Un bouclier « percé ».
Le dispositif, suggéré en juin par le haut-commissaire aux Solidarités actives, Martin Hirsch, a été jugé séduisant et faisable à compter de 2010 dans le rapport Briet-Fragonard (« le Quotidien » du 1er octobre).
Cependant, le choix des pouvoirs publics entre le maintien du régime ALD, vaille que vaille, et la création du bouclier sanitaire pourrait vite devenir cornélien. Le débat souhaité par la ministre ne fait que commencer, mais des voix s'élèvent en effet du côté des régimes complémentaires pour expliquer que le bouclier sanitaire ne sera pas la panacée.
Il «ne résout rien sur le long terme pour maîtriser les restes à charge», estime Jean-Louis Faure, délégué général du CTIP (Comité technique des institutions de prévoyance, qui représentent environ 17 % du marché des complémentaires santé). Le bouclier présente «deux points difficiles» aux yeux de Daniel Lenoir, directeur de la Mutualité française (dont les mutuelles constituent 59 % des complémentaires). D'une part, poursuit-il, le bouclier est d'emblée «percé», puisqu'il «n'intègre pas les dépassements d'honoraires» (en dehors du champ des dépenses remboursables). D'autre part, «il faut éviter qu'un bouclier sanitaire de cette nature ne conduise à une démutualisation, ce qui serait paradoxal, quand on sait que la complémentaire est indispensable à l'accès aux soins», plaide l'ancien directeur de la Caisse nationale d'assurance-maladie. «L'assurance est liée à un certain aléa, renchérit Jean-Louis Faure. Si vous supprimez l'aléa, les gens touchant de forts revenus penseront qu'ils n'ont plus besoin d'une complémentaire et la mutualisation ne concernera plus que les gens à faibles revenus». A la FFSA (Fédération française des sociétés d'assurance), Alain Rouché ne cache pas non plus que les compagnies d'assurances (occupant 24 % du marché des complémentaires) prennent le bouclier «avec réserve». «Tel quel, le bouclier sanitaire vient percuter de manière frontale l'assurance complémentaire, admet le directeur santé de la FFSA. Un certain nombre de personnes peuvent avoir moins intérêt à souscrire une couverture complémentaire, sauf si le montant du bouclier est très élevé. Il n'est pas évident que ce soit la bonne solution. C'est pourquoi nous préférons l'aborder sous un angle plus large.»

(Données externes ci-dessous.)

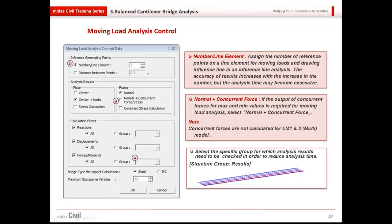For the moving load analysis control options, the number per line lane was mentioned. If the concurrent force for the maximum value is required during moving load analysis, you have to select the Normal Plus Concurrent Force option.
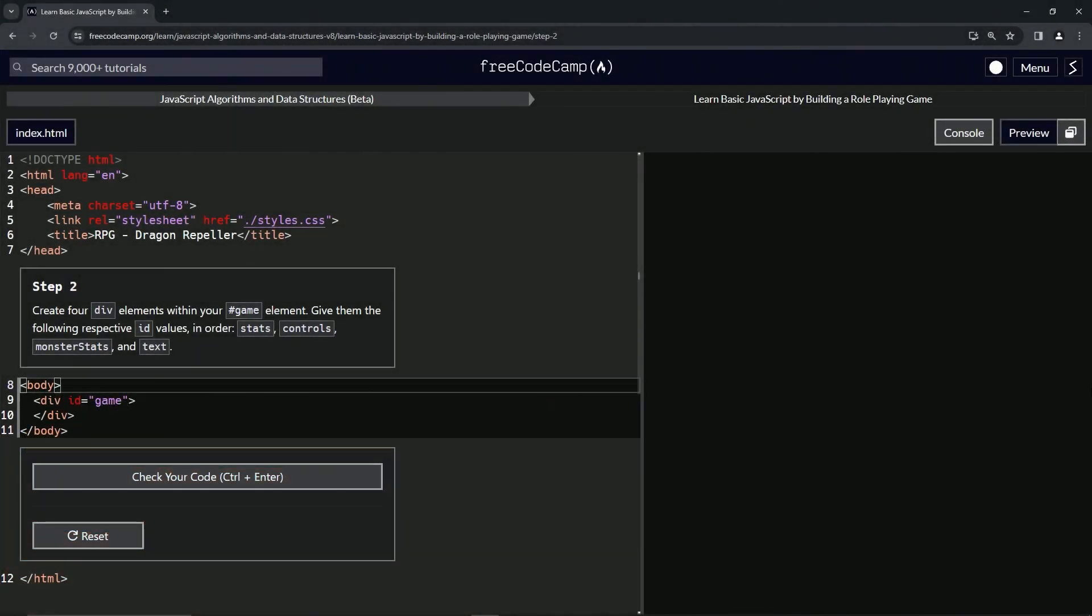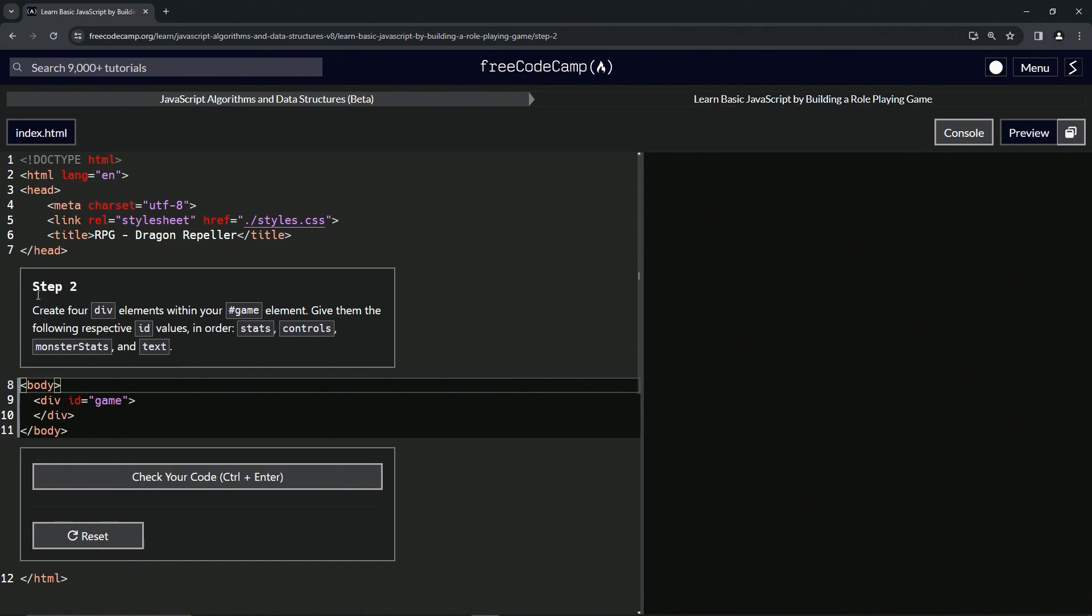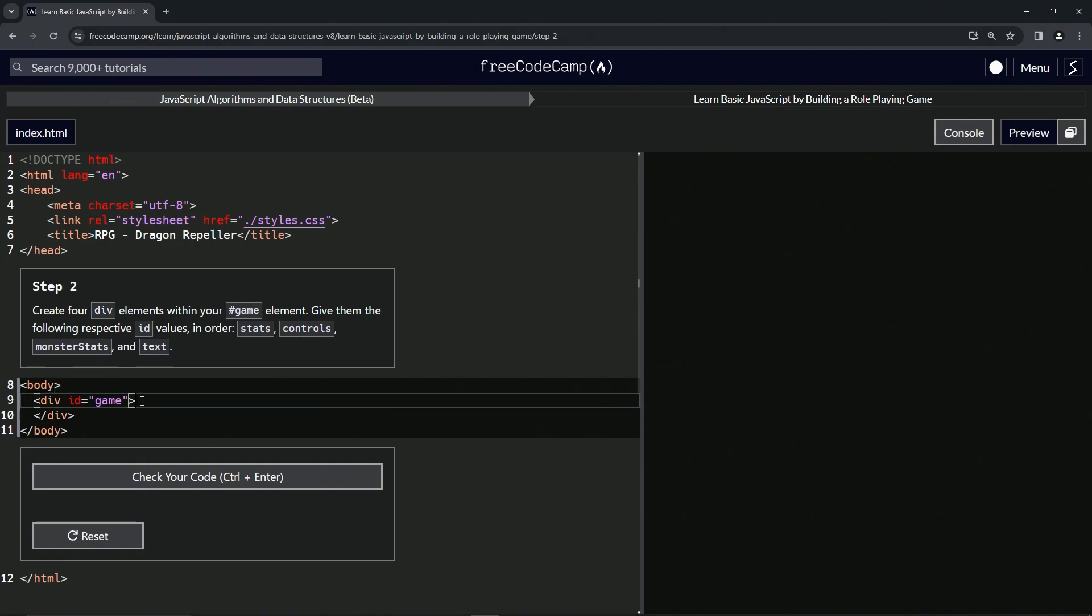All right, now we're doing FreeCodeCamp JavaScript Algorithms and Data Structures Beta. Learn basic JavaScript by building a role-playing game, step two. We're going to create four div elements within our game ID element. We're going to give them the following respective ID values in order: stats, controls, monster stats, and text.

A cet égard, la Mutualité, la FFSA et le CTIP attendent de pied ferme le débat promis par le président Sarkozy sur le financement de la santé en général et la répartition des charges entre les régimes d'assurance-maladie obligatoires et les complémentaires. A condition, nuance Daniel Lenoir, que les différents chantiers en cours (organisation des soins, hôpital, financement…) ne soient pas saucissonnés. «A défaut d'une approche globale, il faudra une approche coordonnée», prévient le directeur de la Mutualité.
Au-delà de la question financière du bouclier sanitaire, les complémentaires défendent la valeur ajoutée qu'elles peuvent apporter à la prise en charge de leurs assurés. Les Mutuelles ont déjà entrepris une démarche d'accompagnement de leurs adhérents dans le système de soins en fonction de leur pathologie chronique (programme « Priorité santé mutualiste »).
Au CISS (collectif de 25 associations de patients et d'usagers), on pense aussi que «la perspective du bouclier sanitaire ne peut être la seule à pouvoir être prise en compte», sans chercher à améliorer la qualité et la coordination des soins pour les 15 millions de malades chroniques. MG-France vient de proposer pour sa part une évolution de leur prise en charge «grâce à des référentiels de pratique mis en oeuvre par des médecins généralistes». Foisonnant d'idées, le débat prendra sans doute du temps.